--- EXERCISE AIM ---
Starting with the line that holds "Masif Meşe Tavan" and stopping after the line that holds "Khalsa Meher Silver", repeat the lines below word for word, without the pictures.

--- SUPPLIED MATERIAL ---
[Start of Attachment]
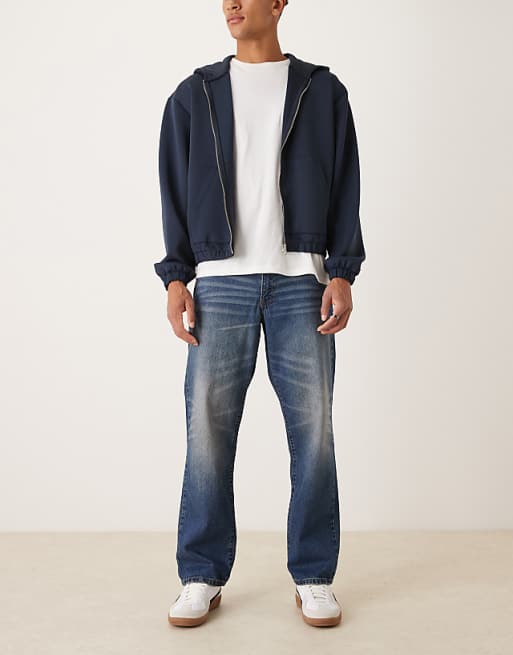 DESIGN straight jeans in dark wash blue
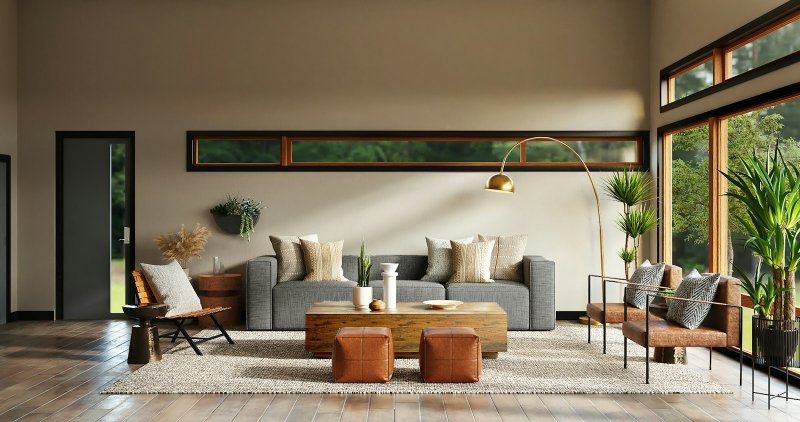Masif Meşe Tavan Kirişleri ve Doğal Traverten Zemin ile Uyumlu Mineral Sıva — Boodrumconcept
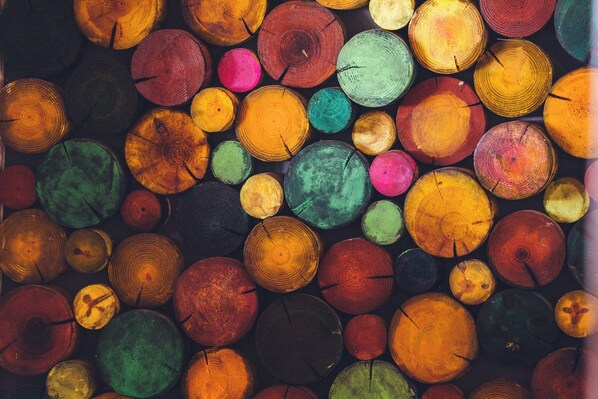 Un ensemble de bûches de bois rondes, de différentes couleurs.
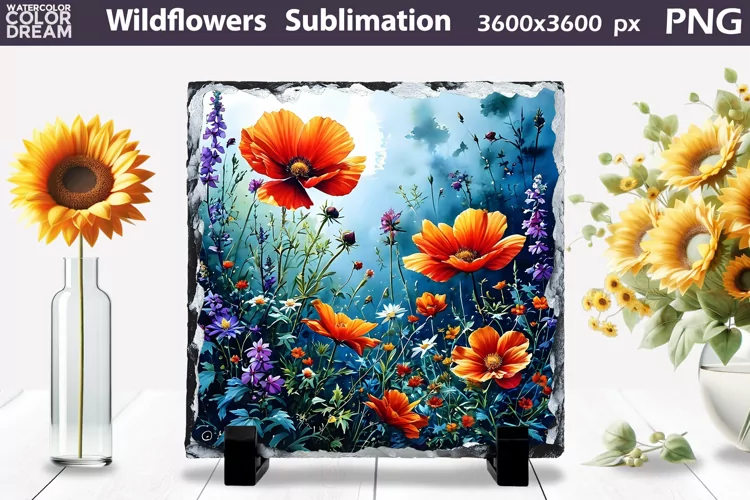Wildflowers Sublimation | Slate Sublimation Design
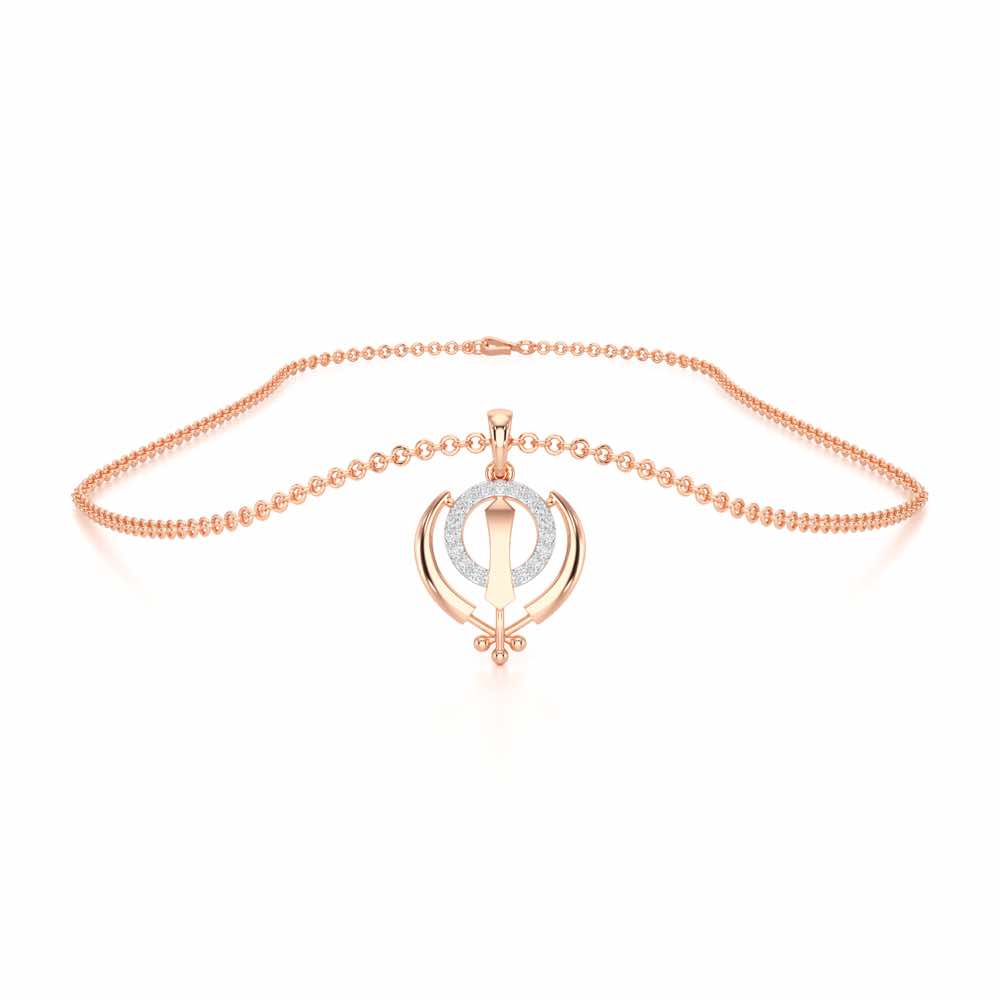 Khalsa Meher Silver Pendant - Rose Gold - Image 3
[End of Attachment]
[Start of Attachment]
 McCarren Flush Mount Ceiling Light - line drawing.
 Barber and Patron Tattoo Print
[End of Attachment]
--- OUTPUT FOR THIS EXERCISE ---
Masif Meşe Tavan Kirişleri ve Doğal Traverten Zemin ile Uyumlu Mineral Sıva — Boodrumconcept
 Un ensemble de bûches de bois rondes, de différentes couleurs.
Wildflowers Sublimation | Slate Sublimation Design
 Khalsa Meher Silver Pendant - Rose Gold - Image 3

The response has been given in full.